📜  elmo - Python (1)

📅  最后修改于: 2023-12-03 15:14:51.924000             🧑  作者: Mango

Elmo - Python

Elmo is a Python library that provides an easy-to-use interface for working with pre-trained contextual embeddings for text. It is built on top of TensorFlow and Keras, and allows for easy integration with other machine learning frameworks like PyTorch and MXNet.

Installation
pip install allenlp
Getting Started

Here is an example of how to use Elmo to generate embeddings for a sentence:

from allennlp.modules.token_embedders import ElmoTokenEmbedder
from allennlp.data.token_indexers.elmo_indexer import ELMoCharacterMapper, ELMoTokenCharactersIndexer
from typing import Tuple

class SentenceEmbedder:
  def __init__(self, options_file: str, weight_file: str):
    self.elmo = ElmoTokenEmbedder(
        options_file=options_file, weight_file=weight_file,
        token_indexers={
          "elmo_characters": ELMoTokenCharactersIndexer(
              ELMoCharacterMapper(lowercase_characters=True),
              namespace="elmo_characters"
          )
        }
    )

  def __call__(self, sentence: str) -> Tuple[np.ndarray, np.ndarray]:
    tokens = sentence.lower().split()
    character_ids = self.elmo.token_indexer.tokens_to_indices(tokens, None, "elmo_characters")
    character_ids = character_ids['elmo_characters']

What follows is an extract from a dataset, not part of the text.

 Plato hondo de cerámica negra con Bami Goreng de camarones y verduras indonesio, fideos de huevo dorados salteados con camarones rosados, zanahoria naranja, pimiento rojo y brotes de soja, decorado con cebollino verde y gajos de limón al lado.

    character_ids_padded = pad_sequence_to_length(
        character_ids, max_len=len(tokens), padding_value=0
    )

    embeddings = self.elmo(
        {"elmo_characters": torch.tensor([character_ids_padded])}
    )

    return embeddings["elmo_representations"][0][0], embeddings["elmo_representations"][1][0]

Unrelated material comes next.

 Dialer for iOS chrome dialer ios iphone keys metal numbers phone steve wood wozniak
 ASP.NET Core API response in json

This code initializes the Elmo token embedder with a pre-trained options file and weight file, and uses it to embed a sentence. The embeddings are returned as two NumPy arrays, one for each layer of the Elmo model.

Conclusion

Elmo is a powerful library for generating contextual embeddings that can improve the accuracy of natural language processing tasks. With its easy-to-use interface and support for other machine learning frameworks, it is a valuable addition to any data scientist's toolkit.